Sea Wind, Sea-1, or Loon?

-- Last Updated: Jul-10-05 1:05 PM EST --

Hey,
I am wondering if anyone has seen a good side by side comparison of these three boats - Kruger Sea Wind, Clipper Sea-1, (new) Sawyer Loon - or at least two of them?
I've read the reviews here on pnet, and helpful as they are, there is little discussion of how the boats compare to one another. The Kruger owners particularly seem to have a hard time writing anything negative (or even limiting) about their boats!
A while back, I could swear here at pnet, I read a thread about an outing of maybe 4 or 5 decked canoes.

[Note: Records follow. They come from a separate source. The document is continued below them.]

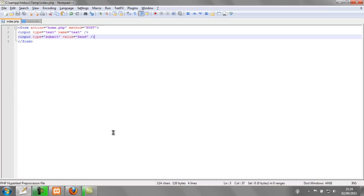So what this will do is make a form with two inputs, a text field and a send button and this send button will post whatever has been set in the text field to home.php here.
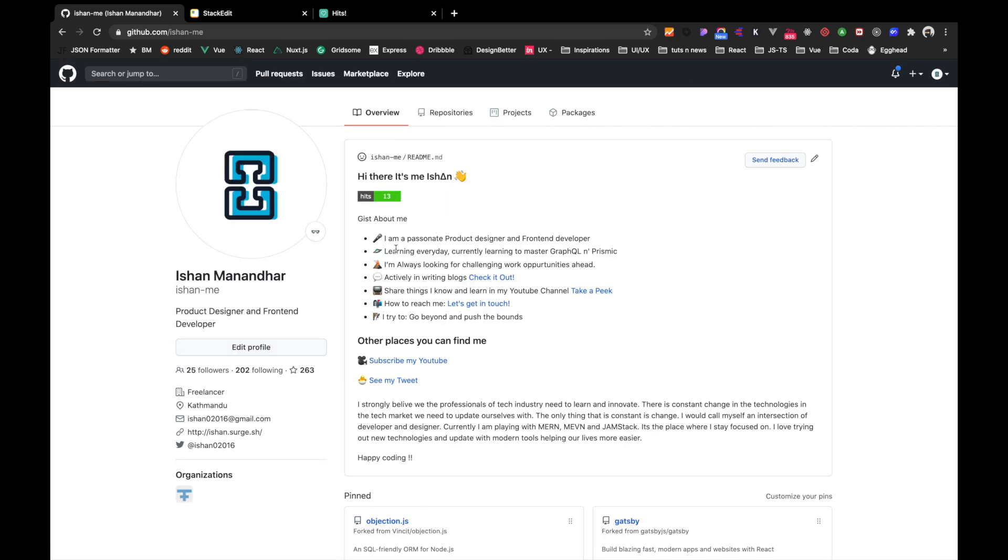So yeah, we did it successfully. This is how you can add some markdown files inside the overview, which is a recent feature added in GitHub. So guys, I hope you got some initial ideas on adding your own overview inside your GitHub profile.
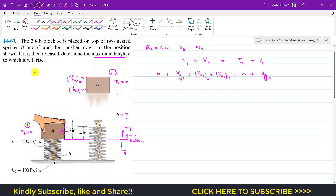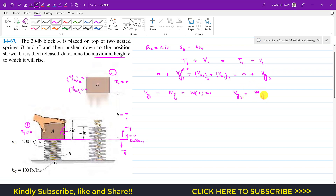The gravitational potential energy equals w times y. At state 1, we are at the datum where y = 0, so Vg1 = w × 0 = 0. At state 2, the block has traveled upward a distance h, so y = h and Vg2 = w × h.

Now I cannot even find the thread.
Any help out there?
My relevant goal here is to paddle the New England Coast - in a decked canoe.
Thanks in advance . . .

negative on Sea Wind
- expensive

Good stuff
Marek,

Thanks for your comments. I can understand why the first 3 negatives you list are no longer in mind for Sea Wind paddlers once they have their boats.

The weight seems to be about 10 lbs or so more that the other long decked canoes, though the Sea Wind might still be most portagable out of the box.

I had seen your 18 mile data recently, and my impression was that the Sea Wind held up pretty well against what I imagined to be pretty fast boats, the Surfrigger and Extreme. I guess the 5 mile tests do look less impressive, with the Sea Wind at about 5 mph compared to 6 or 7 for the sea kayaks.

Still, that may be fast enough, and a fair trade off for durability, stability, and comfort. It’s more the day long, or multi-day long speed that would most be the performance of interest for me.

my thoughts

– Last Updated: Jul-11-05 10:47 PM EST –

Any of the three boats will work well for a combination of day paddling or tripping. However, if I (at 220 lbs) were to slot the boats as to how I would use them, it would be the Loon as a fast day paddler and light tripper, the Sea Wind as filling any role you need it to fill, and the Sea-1 as a big tripping boat that works okay for day paddling. All of them are very well made, seaworthy and quite efficient.


negatives
In my opinion the only negative I can think of off had is the built in “map” rack or “area” that are put on the left side of the boat etc. The boat is so well made that this feature is “SO” not in the same ballpark as workmanship, LOOKS, durability etc etc. To be honest it just looks too cheap. I told Verlen this years ago as well and he listened to my comment to “make it more suprerior” but I dont think he had the time or want to make any changes etc.

The feature is too frail, gets really corroded in sea water , the elastics wear out quickly.

What would make this feature “fit” the 10 rating of the rest of the boat is to make the support for the map case out of the same grooved kevlar that the seat adjustments are made out of. Have one directly where the left part of the bracket comes down and another on the right side BUT REVERSE it so the grooves point backwards. NEXT, the elastic strings as be fed through the bumps on the kevlar. THATS NOT ALL! Do it on BOTH SIDES OF THE BOAT. This serves several functions as well as increase the SEa Winds looks, strength, durability and funtionality. These kevlar supports will add more strength to the hull, allow more maps, gear or whatever to be stored since you have one on BOTH sides, they dont corrode in sea water, eliminates a cheap alluminum support bracket. AND THATS NOT ALL!!! You could ADD a bar across from the left the right and it would hang just like the seat on the support bumps (or whatever they are called) Now add a little padding directly under where your calf muscles rest and you would have an incredible leg support and no more cramps or pain in the KNEES since your heals would not slide out towards the center. Its it so more momfortable this way. The bar can be easily removed whenever just like the seat.